И в общем все. И как будто ничего не было. Словом, как это очень часто случается, распорядились германовской освобожденностью языка бездумно, эгоистично. Мы впивались, как вампиры, в разведанную им новую реальность, его самого охотно мифологизировали, ставили на полочку, начинали склонять в привычном кинематографическом ряду гениев: Тарковский, Иоселиани, Панфилов... и вот теперь Герман (Параджанов был далеко, а о Муратовой говорить как-то еще не привыкли), а потом, в сущности, благополучно растранжирили им накопленное.
Странно, но та самая пресловутая чернушность, которую по наивности можно усмотреть в германовской стилистике, если быть близоруким, таковой, разумеется, не являлась. Наверное, в первую очередь потому, что за всем этим гулким, просквоженным пространством «Двадцати дней без войны» стояло ощущение того, что все они: Никулин, Гурченко, всё это — портянки и промороженный трамвай — существуют во времени до.
Не после, а именно до. Впереди маячил просвет.
Все то, что происходит у Каневского, Огородникова и прочих, уже сознательно лишено вектора, направленного в будущее.
Природа германовского драматизма заключалась еще и в том, что он соблазнил всех удивительным свойством уточнять, приближать реальность.
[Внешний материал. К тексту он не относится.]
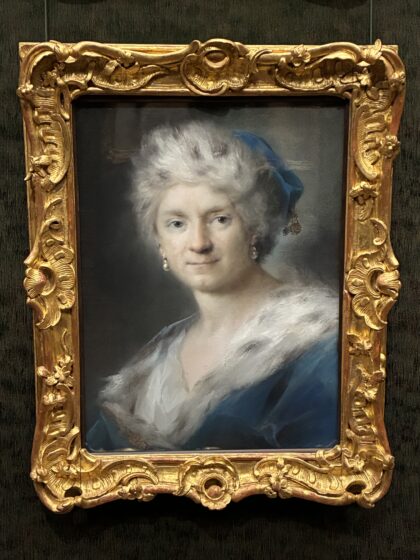 Rosalba Carriera, Selbstbildnis "Der Winter"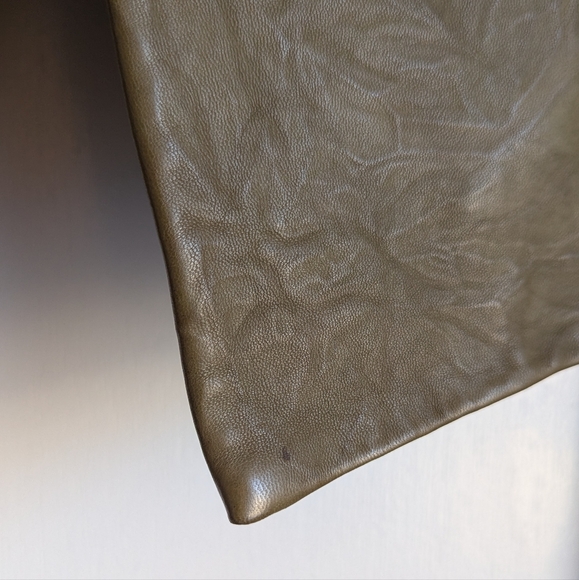 Veronica Beard Olive Leather Dickey Cooke Jacket/Blazer - Picture 9 of 11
Все те, кто попытался взять у него из рук, казалось бы, тот же самый инструмент, делали прямо противоположное, они по-постмодернистски ее замутняли, эгоистично привязывая ее к конкретным наболевшим человеческим и художественным комплексам.
В обстановке тотального измельчания кино Герману, наверно, безумно тяжко снимать новую картину.
Туман, рельсы, столбы, провода, «милый мой дедочек, милый голубочек», тетка с ведрами — и тут же плохо замаскированная страсть, скулит собака, паузы важнее, чем действие, это и понятно — в войну действие доминирует надо всем, оно безостановочно, в нем не предусмотрены передышки. Натурализм. Сентиментальность натурализма. Тетка с ведрами, столбы. «Красиво», — говорит Гурченко, и скулит собака, и тут же: «Почему вы не уходите?! — когда Никулин приносит вещи убитого однополчанина его жене — Васильевой. — Вы уйдете или нет?!» Часы остановлены, и именно поэтому их ход слышнее всего.
Разбомбленный Сталинград, который пригрезился Никулину — Лопатину. Умно снятый эпизод съемок боевого киносборника, по-видимому.
Кстати, тогда, в 70-е, этот эпизод опять же воспринимался как намек на табуированную правду: вот, что называется, две художественные реальности в сопоставлении — моя, истинная, и та, фанерная.
Однако это не так: в самый что ни на есть опредмеченный германовский мир проникает почти религиозное начало иного представления о правде. Надежда может родиться скорее из мифа, чем из муторной, занавешенной хлябью реальности, здесь же и подсказка из чьих-то случайных уст: «Самолеты низко летят — значит наши скоро придут».
И это тоже правда.
Или: слова Никулина уже в конце фильма: «Вот сейчас просвистят три снаряда и все будет хорошо». И так оно, наверное, и случается, хотя до Берлина действительно еще шагать и шагать.
Или же: откуда-то никогда не слышанный диалог, словно придуманный заново неведомым сценаристом, пока фильм гулял по кинотеатрам (и как это я тогда его сразу тогда не расслышал?)
Сын — матери: «Мама, мама, мне ворона снится».
Мать — сыну: «Спи — она уже улетела».
Шепотинник П. Сон о вороне // Искусство кино. 1995. № 5.